By MATTHEW NASH
It has been about a year since I complained in this column about the lack of reality in “reality” television. It just stands to reason when you add a television camera to the mix that it will change the outcome of the situation. I find most of the shows repugnant and an insult to the intelligence of most human beings. I do not understand why most of these shows have such a following and why they have remained on the air so long and have spawned so many clones.
I will admit that Wednesday night when I came home from work my wife was watching the season finale of “Duck Dynasty.” This show follows the Robertson clan who made their family fortune with the company Duck Commander, a popular brand of duck call. I sat down and watched the show and I must confess that I was somewhat entertained. Even though I enjoyed this show, it doesn’t mean that I believe it has anything to do with actual reality.
Last week reality television was redefined as the events surrounding the Boston Marathon bombings unfolded. The world watched live as the two improvised explosive devices were detonated near the finish line of one of the world’s most popular races. We saw in real time as tragedy struck on American soil one more time.
We stared at our television screens as they replayed runners crossing the finish line, falling as they were hit by shrapnel. We cheered as stories of acts of heroism were told, like the runners who ran straight to the hospital to donate blood after completing the 26.2 mile race. Then we cried when we heard that one of the victims was 8-year-old Martin Richard.
The problem with watching news unfold as it happens is sometimes it becomes part of the story. This happens when some of the facts that are reported are not as accurate as they should be. There was several instances where in an effort to get the story first, getting the story correct seemed far less important. There were initial reports that the FBI was looking for a dark skinned man or a possible Saudi national who was believed to be a “person of interest.”
CNN reported on Wednesday that an arrest had been made, citing law enforcement sources. They also announced the suspect was due in court at any time when in fact the suspects had not yet been identified by name. Within an hour of the initial report statements from the FBI and other law enforcement agencies contradicted the news reports that had been repeated by several different news outlets.

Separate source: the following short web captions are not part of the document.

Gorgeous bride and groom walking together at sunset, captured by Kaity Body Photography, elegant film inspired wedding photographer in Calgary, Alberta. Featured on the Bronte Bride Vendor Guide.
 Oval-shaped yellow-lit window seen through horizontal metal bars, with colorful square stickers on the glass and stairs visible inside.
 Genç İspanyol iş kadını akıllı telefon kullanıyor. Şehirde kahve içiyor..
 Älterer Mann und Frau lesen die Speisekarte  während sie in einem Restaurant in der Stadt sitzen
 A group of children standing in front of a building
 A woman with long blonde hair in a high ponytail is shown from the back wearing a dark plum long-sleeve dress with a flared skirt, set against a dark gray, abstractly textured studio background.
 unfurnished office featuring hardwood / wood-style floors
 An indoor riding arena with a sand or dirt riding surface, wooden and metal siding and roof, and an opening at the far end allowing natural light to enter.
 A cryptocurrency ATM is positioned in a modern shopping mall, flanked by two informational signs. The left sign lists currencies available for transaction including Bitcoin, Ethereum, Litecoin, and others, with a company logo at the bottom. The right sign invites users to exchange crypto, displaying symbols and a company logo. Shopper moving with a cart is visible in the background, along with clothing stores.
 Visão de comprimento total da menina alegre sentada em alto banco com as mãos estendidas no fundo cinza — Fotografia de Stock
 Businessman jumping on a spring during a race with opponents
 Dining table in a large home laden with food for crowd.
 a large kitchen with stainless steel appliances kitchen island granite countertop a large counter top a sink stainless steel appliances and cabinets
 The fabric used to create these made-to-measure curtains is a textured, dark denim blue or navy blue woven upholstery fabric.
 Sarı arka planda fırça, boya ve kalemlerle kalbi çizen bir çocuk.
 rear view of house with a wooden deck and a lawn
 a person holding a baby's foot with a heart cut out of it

The New York Post published pictures on its front page of two people that they claimed authorities were looking for. It turned out that the two pictured were not suspects and had nothing to do with the bombings at all.
Why was there so much information out there that was just plain wrong? Why did so many news organizations continue to make inaccurate statements without double checking their facts? In this age of instant media is it more important to get the story first or get the story right?
As the authorities closed in on the actual suspects the news media continued to report from the front lines. They recorded the shoot out as one of the brothers was killed and the other escaped capture. They actually filmed as SWAT teams went door to door looking for the at-large suspect. It seems like the live coverage could have hindered the search had the fleeing subject had access to CNN to see where they were looking for him.
In the end the man who perpetrated this act was apprehended and hopefully we will learn what led these brothers to carry out this terrorist attack. It is not the time for speculation or supposition. We must allow the legal system to work as it was intended if we are ever to figure out why so that we can possibly keep it from happening ever again.
It appears that the events in Boston last week were the sole act of two brothers and they were not part of a larger movement. A terrorist is someone who uses violence to intimidate others and the world needs to understand that the citizens of the United States will not be intimidated. We will learn from this event and become stronger because of it.
Last weekend was Thunder Over Louisville. The fireworks and air show annually draws one of the largest crowds for any event in the country.
This weekend is the Kentucky Derby Festival Marathon and Mini-marathon here in Kentuckiana. I have several friends, family and co-workers who are involved in this year’s event and I hope everyone involved has a safe race.